--- START ---

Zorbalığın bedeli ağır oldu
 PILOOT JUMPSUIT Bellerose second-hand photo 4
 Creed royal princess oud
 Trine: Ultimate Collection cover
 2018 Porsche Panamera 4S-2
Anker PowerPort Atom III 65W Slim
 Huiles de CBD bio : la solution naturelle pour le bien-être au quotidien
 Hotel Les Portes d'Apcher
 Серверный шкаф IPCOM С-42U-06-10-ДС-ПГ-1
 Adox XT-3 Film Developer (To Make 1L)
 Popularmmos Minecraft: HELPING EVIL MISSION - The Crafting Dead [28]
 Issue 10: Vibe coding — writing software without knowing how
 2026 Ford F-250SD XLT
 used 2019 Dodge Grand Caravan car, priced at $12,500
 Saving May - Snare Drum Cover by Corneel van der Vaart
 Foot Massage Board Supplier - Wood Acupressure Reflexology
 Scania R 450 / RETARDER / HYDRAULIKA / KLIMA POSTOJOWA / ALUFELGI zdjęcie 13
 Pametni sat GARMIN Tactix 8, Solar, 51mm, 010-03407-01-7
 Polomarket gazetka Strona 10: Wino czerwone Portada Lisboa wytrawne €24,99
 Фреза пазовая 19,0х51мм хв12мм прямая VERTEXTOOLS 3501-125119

--- END ---

EXERCISE: Each record must be duplicated exactly, with none missing.

TASK RESPONSE:
Zorbalığın bedeli ağır oldu
 PILOOT JUMPSUIT Bellerose second-hand photo 4
 Creed royal princess oud
 Trine: Ultimate Collection cover
 2018 Porsche Panamera 4S-2
Anker PowerPort Atom III 65W Slim
 Huiles de CBD bio : la solution naturelle pour le bien-être au quotidien
 Hotel Les Portes d'Apcher
 Серверный шкаф IPCOM С-42U-06-10-ДС-ПГ-1
 Adox XT-3 Film Developer (To Make 1L)
 Popularmmos Minecraft: HELPING EVIL MISSION - The Crafting Dead [28]
 Issue 10: Vibe coding — writing software without knowing how
 2026 Ford F-250SD XLT
 used 2019 Dodge Grand Caravan car, priced at $12,500
 Saving May - Snare Drum Cover by Corneel van der Vaart
 Foot Massage Board Supplier - Wood Acupressure Reflexology
 Scania R 450 / RETARDER / HYDRAULIKA / KLIMA POSTOJOWA / ALUFELGI zdjęcie 13
 Pametni sat GARMIN Tactix 8, Solar, 51mm, 010-03407-01-7
 Polomarket gazetka Strona 10: Wino czerwone Portada Lisboa wytrawne €24,99
 Фреза пазовая 19,0х51мм хв12мм прямая VERTEXTOOLS 3501-125119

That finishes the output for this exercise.